Both drugs carry list prices exceeding $26,000 per year. Medicare coverage requires amyloid confirmation (PET or CSF), treatment by a participating neurologist, and enrollment in the Alzheimer's Association registry. Many Medicare beneficiaries face significant cost-sharing. Commercial insurance coverage varies. Access is concentrated at academic medical centers and memory clinics -- patients in rural or underserved areas may face substantial barriers to amyloid PET imaging and to neurologists experienced with ARIA monitoring.

What comes next

Clinical trials are now exploring whether these or similar drugs might work even earlier -- in the preclinical stage before any cognitive symptoms appear. Reisa Sperling's A4 Study and the ongoing AHEAD trial test anti-amyloid approaches in cognitively normal amyloid-positive adults [3]. These studies may eventually shift the treatment window earlier than the current early MCI indication if they demonstrate benefit without unacceptable risk.
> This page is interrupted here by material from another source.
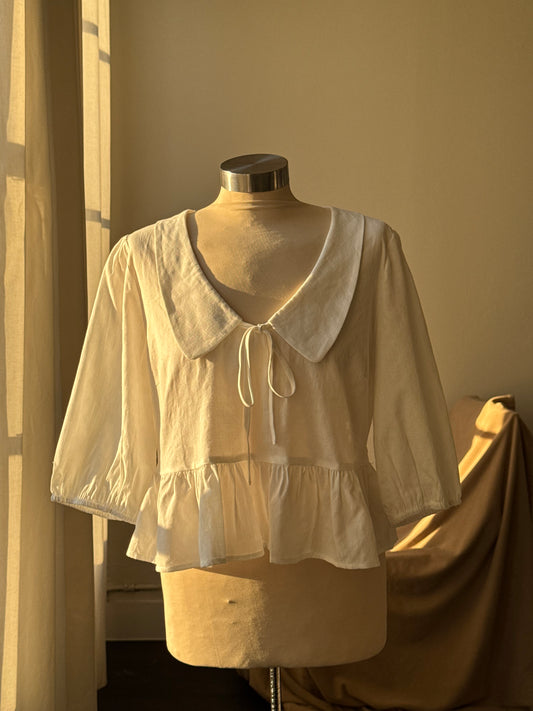 Melody Cotton Peter Pan Collar Top In White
Questions to ask your doctor

• Based on my cognitive testing and biomarker results, am I in the right disease stage to qualify for lecanemab or donanemab?
• What is my APOE4 status, and how does it affect the risk of ARIA for me specifically?
• What does the monitoring protocol look like -- how often do I need MRI, and what happens if ARIA is found?
• What is a realistic description of the benefit I might expect from 18 months of treatment?
• Are there clinical trials I could join that might be appropriate for my disease stage?
• What are the practical logistics of infusion -- how often, how long, and at what facility?